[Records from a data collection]

--*--

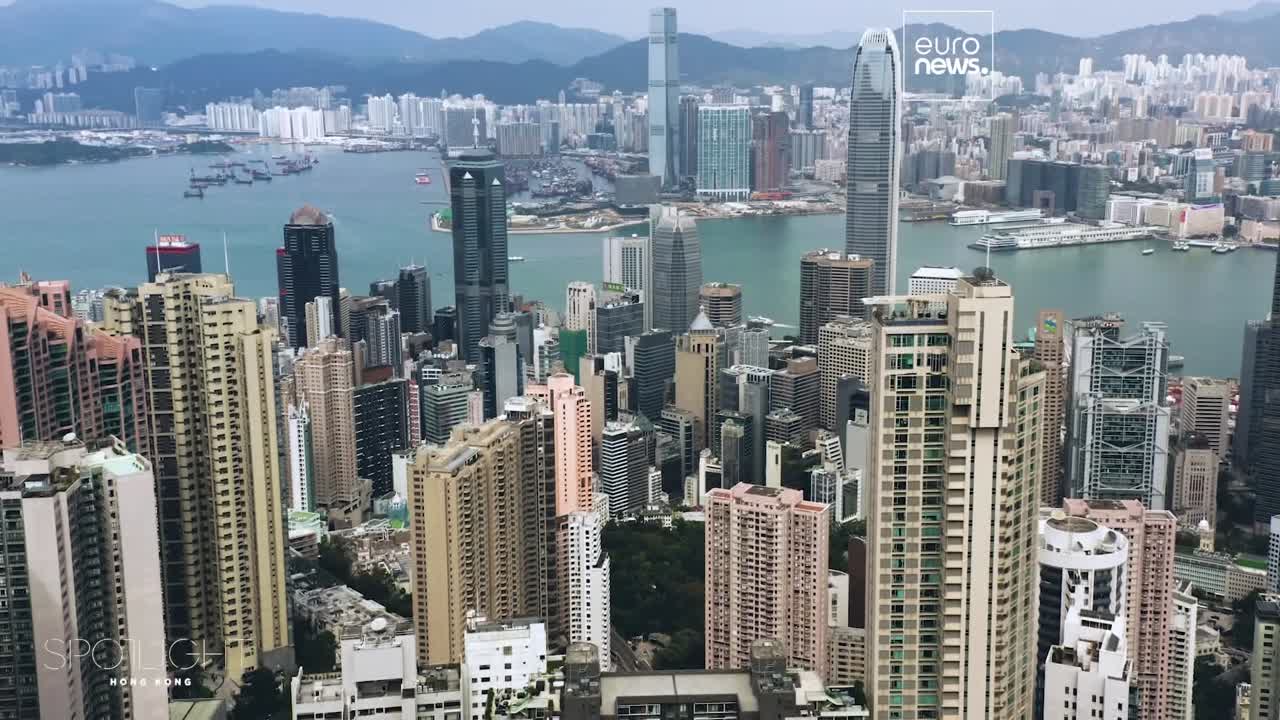 What makes Hong Kong a pivotal place in the world of finance? Sebastien Chaker, who heads the Spanish WealthTech company Allfunds in Hong Kong, tells Euronews: “When you operate in the global financial industry like Allfunds does, there’s no way around being in Hong Kong because it’s a key place.” Watch for more.   https://lnkd.in/gziei97h    #hongkong #brandhongkong #asiasworldcity #Talent #InnovativeHK #Innovation #Business #Euronews #Fintech #FinancialServices 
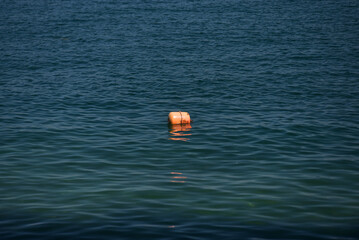 Evian, lac Léman, bouée orange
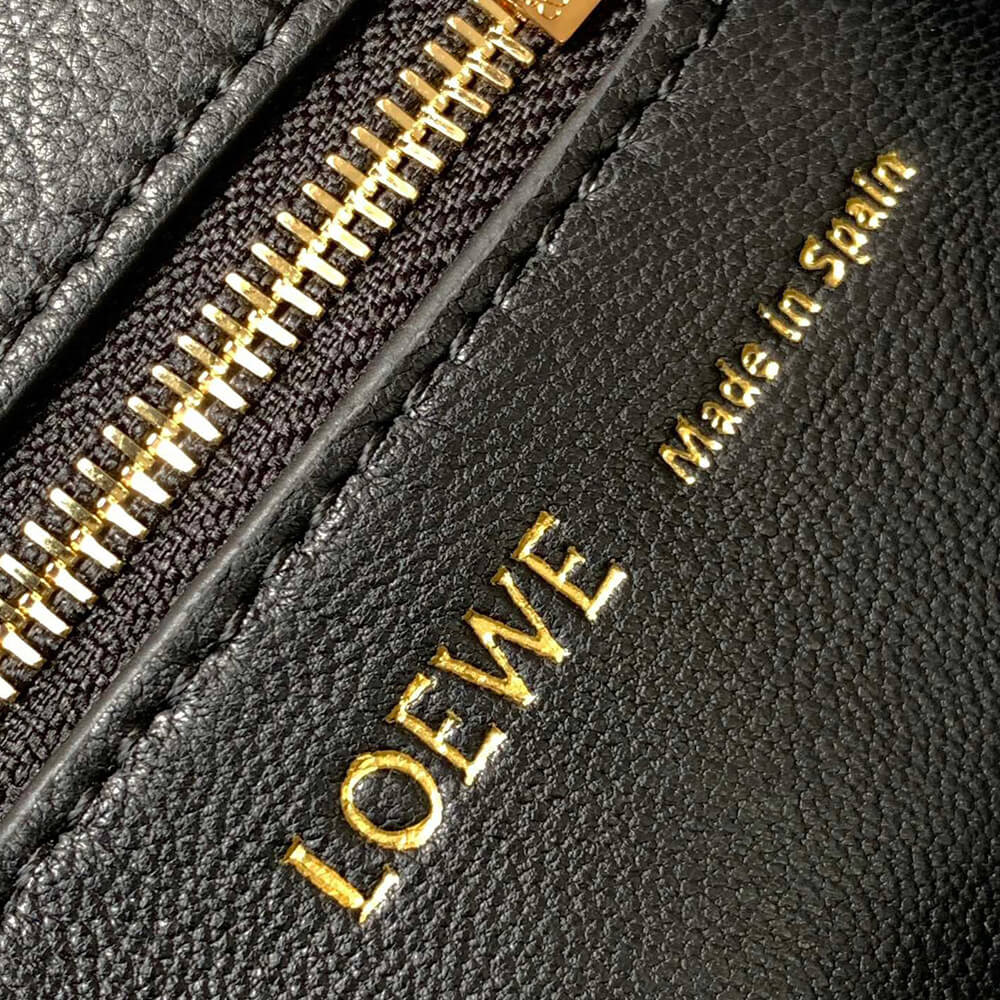 Loewe Small Squeeze Bag in Nappa Lambskin - Replica Luxury Bags™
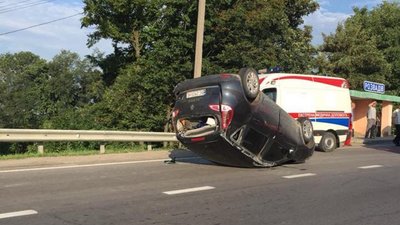 На Львівщині перекинувся автомобіль (ВІДЕО)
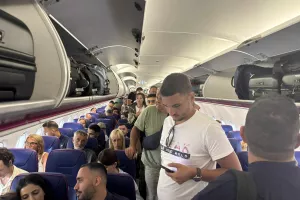 Προσγειώθηκε Σερβία  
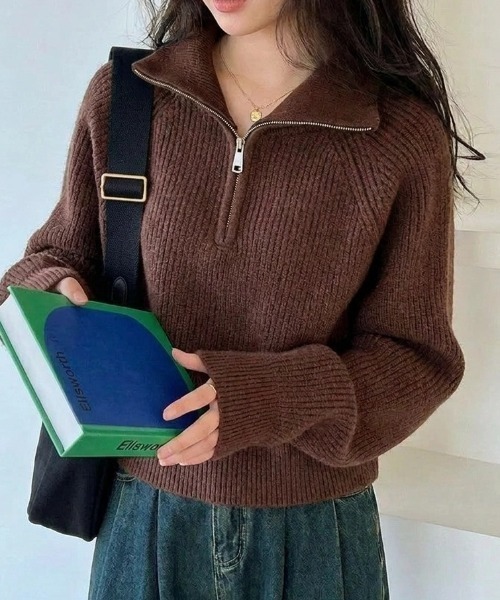 yuue' ( wear )(ユーイ)の「ハーフジップショートニットトップス(ニット/セーター・レディース・レッド/グレー/アイボリー/ブラック/ブラウン/ブルー・FREE)」の4枚目の写真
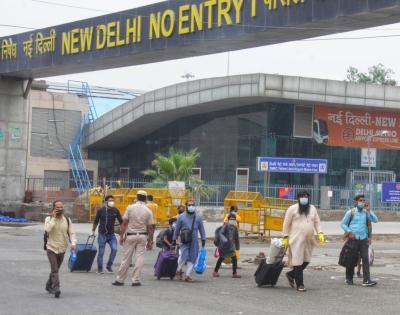Stranded hotel workers work as coolies at New Delhi station | Stranded hotel workers work as coolies at New Delhi station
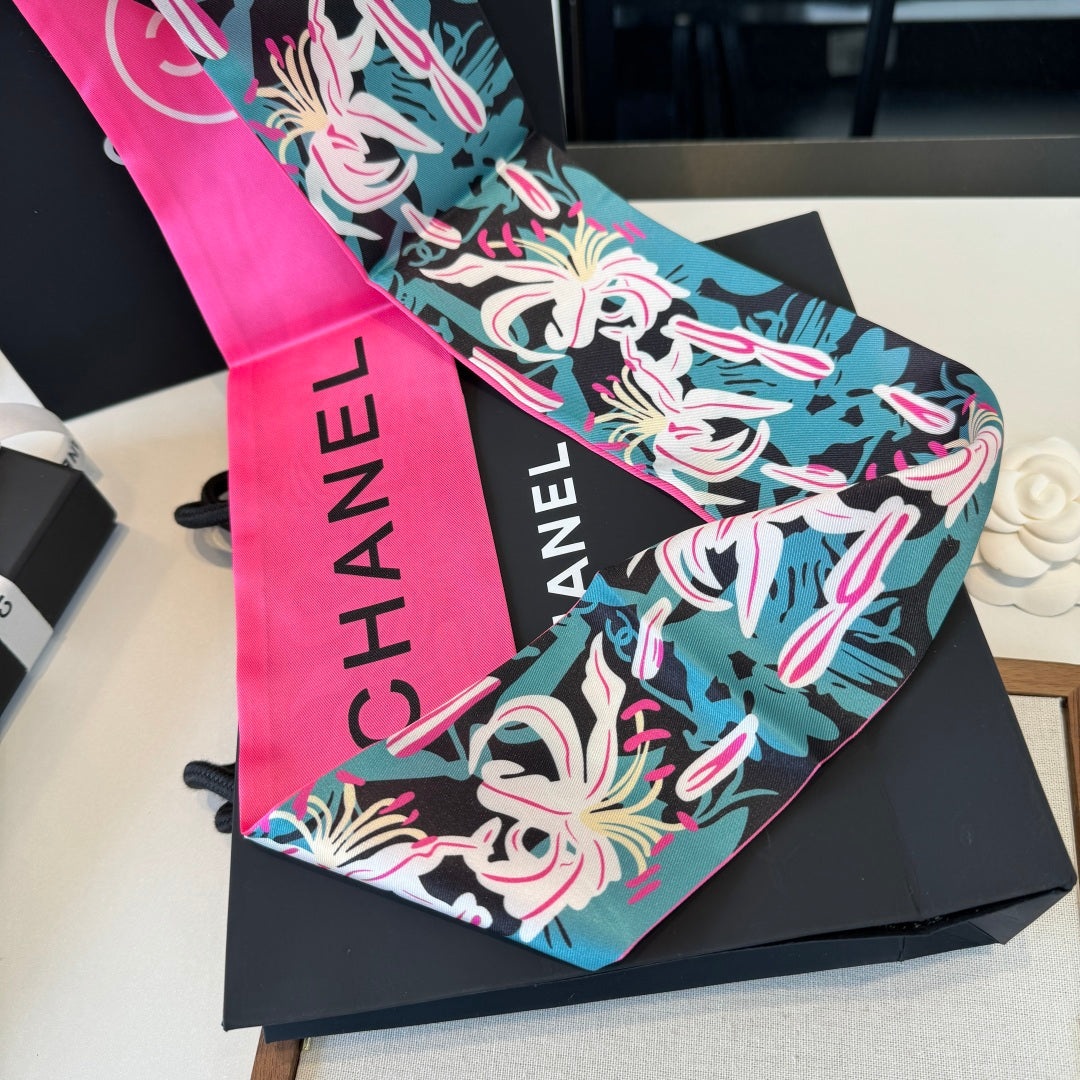 CC Twilly Mini Scarf Black Green Pink Silk 280927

--*--

### Task details
Exactly as written, reproduce the lines from the one containing "На Львівщині перекинувся автомобіль (ВІДЕО)" through the last line of the entries above, and leave every picture out.

### Expected answer
 На Львівщині перекинувся автомобіль (ВІДЕО)
 Προσγειώθηκε Σερβία  
 yuue' ( wear )(ユーイ)の「ハーフジップショートニットトップス(ニット/セーター・レディース・レッド/グレー/アイボリー/ブラック/ブラウン/ブルー・FREE)」の4枚目の写真
Stranded hotel workers work as coolies at New Delhi station | Stranded hotel workers work as coolies at New Delhi station
 CC Twilly Mini Scarf Black Green Pink Silk 280927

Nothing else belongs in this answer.